To make slot X unbootable we replaced the file /boot/Image once with an empty file and once with a link to a valid Image file. When the empty file was in place we hang at the nvidia splashscreen, with the link we had a black-screen with not splash whatsoever. So it seems the bootloader does not detect a problem and/or does not fallback to slot Y.

We are using the latest L4T 32.6 tarball and flashed the board via ROOTFS_AB=1 ./nvflash.sh jetson-xavier mmcblk0p1

Here is our smd file from bootloader/smd_info.rootfs_AB.cfg.
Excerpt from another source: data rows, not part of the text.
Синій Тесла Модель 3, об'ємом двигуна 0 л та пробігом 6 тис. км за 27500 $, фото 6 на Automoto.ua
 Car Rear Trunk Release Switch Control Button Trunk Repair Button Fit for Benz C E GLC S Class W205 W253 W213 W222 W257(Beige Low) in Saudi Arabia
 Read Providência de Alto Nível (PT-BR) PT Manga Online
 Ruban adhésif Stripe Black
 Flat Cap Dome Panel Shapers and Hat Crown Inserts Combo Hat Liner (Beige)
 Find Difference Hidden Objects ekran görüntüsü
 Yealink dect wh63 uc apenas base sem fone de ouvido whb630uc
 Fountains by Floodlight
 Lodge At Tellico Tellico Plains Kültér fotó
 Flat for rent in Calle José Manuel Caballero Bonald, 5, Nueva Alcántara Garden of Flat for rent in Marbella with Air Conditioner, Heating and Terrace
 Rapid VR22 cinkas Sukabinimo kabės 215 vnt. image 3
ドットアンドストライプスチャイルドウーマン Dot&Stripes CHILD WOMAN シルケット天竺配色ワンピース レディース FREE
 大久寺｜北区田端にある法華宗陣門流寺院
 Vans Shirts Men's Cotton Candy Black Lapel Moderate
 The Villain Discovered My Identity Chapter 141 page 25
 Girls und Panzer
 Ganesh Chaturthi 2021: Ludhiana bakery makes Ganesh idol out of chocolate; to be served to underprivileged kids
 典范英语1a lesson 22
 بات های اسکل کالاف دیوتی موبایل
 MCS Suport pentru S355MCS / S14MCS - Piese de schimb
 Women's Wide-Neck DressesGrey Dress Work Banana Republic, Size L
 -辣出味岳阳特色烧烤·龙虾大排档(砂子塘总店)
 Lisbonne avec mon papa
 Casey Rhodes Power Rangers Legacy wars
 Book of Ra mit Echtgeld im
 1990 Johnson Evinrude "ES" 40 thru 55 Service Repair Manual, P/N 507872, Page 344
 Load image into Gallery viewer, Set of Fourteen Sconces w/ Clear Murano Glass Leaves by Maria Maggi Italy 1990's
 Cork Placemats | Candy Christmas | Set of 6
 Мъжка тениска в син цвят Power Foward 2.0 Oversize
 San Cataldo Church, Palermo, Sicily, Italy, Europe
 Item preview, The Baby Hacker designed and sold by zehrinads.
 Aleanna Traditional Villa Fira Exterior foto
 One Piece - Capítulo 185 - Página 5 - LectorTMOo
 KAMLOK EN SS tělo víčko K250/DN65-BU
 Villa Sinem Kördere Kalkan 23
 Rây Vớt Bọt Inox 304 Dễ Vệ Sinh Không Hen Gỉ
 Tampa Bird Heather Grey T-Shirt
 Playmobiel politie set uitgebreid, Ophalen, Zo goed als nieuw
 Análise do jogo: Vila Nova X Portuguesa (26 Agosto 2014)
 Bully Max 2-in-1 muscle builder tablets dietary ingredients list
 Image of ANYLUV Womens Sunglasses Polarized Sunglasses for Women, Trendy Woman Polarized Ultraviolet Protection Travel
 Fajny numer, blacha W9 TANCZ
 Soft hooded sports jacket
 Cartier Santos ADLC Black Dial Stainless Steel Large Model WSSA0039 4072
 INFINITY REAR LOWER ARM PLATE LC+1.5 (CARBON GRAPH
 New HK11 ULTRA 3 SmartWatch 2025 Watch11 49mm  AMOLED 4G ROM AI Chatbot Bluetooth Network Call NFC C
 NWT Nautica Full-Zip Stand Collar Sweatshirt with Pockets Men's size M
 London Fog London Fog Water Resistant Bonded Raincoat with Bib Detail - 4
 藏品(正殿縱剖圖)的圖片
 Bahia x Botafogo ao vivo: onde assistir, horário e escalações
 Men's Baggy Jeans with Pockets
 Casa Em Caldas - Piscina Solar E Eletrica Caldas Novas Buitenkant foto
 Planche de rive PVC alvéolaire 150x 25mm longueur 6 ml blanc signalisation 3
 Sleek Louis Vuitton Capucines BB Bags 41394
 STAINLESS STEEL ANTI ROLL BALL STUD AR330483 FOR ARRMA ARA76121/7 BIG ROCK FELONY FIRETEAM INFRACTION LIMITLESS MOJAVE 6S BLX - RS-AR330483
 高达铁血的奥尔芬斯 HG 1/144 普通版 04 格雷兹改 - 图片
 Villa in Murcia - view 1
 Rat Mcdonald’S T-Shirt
Note that we adjusted MAX_BL_RETRY_COUNT and MAX_ROOTFS_AB_RETRY_COUNT to only one allowed failure. That was to reduce wait times in case we had to wait for the bootloader to detect a unsuccessfull boot.

# SMD metadata information
< VERSION 5 >
# Set the maximum boot slot retry count
# Please make sure this field is set before slot info config
# The valid setting is 1 to 7
< MAX_BL_RETRY_COUNT 1 >

# Set the maximum rootfs slot retry count
# Please make sure this field is set before slot info config
# The valid setting is 1 to 3
< MAX_ROOTFS_AB_RETRY_COUNT 1 >

#
# Config 1: Disable A/B support (by removing comments ##)
#

# slot info order is important!
# <priority>    <suffix>  <boot_successful>
##15                  _a        1

#
# Config 2: Enable rootfs A/B support (default)
#
< REDUNDANCY_ENABLE 1 >
< ROOTFS_AB 1 >

# To enable rootfs autosync, use < RF_AUTOSYNC_ENABLE 1 >
# This option must be defined after "< ROOTFS_AB 1 >"
##< RF_AUTOSYNC_ENABLE 1 >

# Select rootfs A as the active rootfs
< ROOTFS_ACTIVE_A 1 >
##< ROOTFS_ACTIVE_B 1 >

# Enable/disable unified bootloader AB and rootfs AB
# Set 1 to enable, set 0 to disable. Default is enabled.
# This option must be defined after "< ROOTFS_AB 1 >"
# When < ROOTFS_BL_UNIFIED_AB 1 > is set,
# auto sync for both BL and RF are disabled.
< ROOTFS_BL_UNIFIED_AB 1 >

# To disable bootloader autosync, use < BL_AUTOSYNC_DISABLE 1 >, default is disabled.
# REDUNDANCY_ENABLE or REDUNDANCY_USER must be defined before BL_AUTOSYNC_DISABLE !
< BL_AUTOSYNC_DISABLE 1 >

# slot info order is important!
# <priority>    <suffix>  <boot_successful>
15                  _a        1
14                  _b        1

Those adjustments were applied via running ./nv_smd_generator smd_info.rootfs_AB.cfg slot_metadata.bin.rootfsAB

Are there other settings needed for our simple test to succeed?

Hi,
Please refer to this page and get the uart log for reference:
Jetson/General debug - eLinux.org

Do you observe the issue on Xavier developer kit or custom board?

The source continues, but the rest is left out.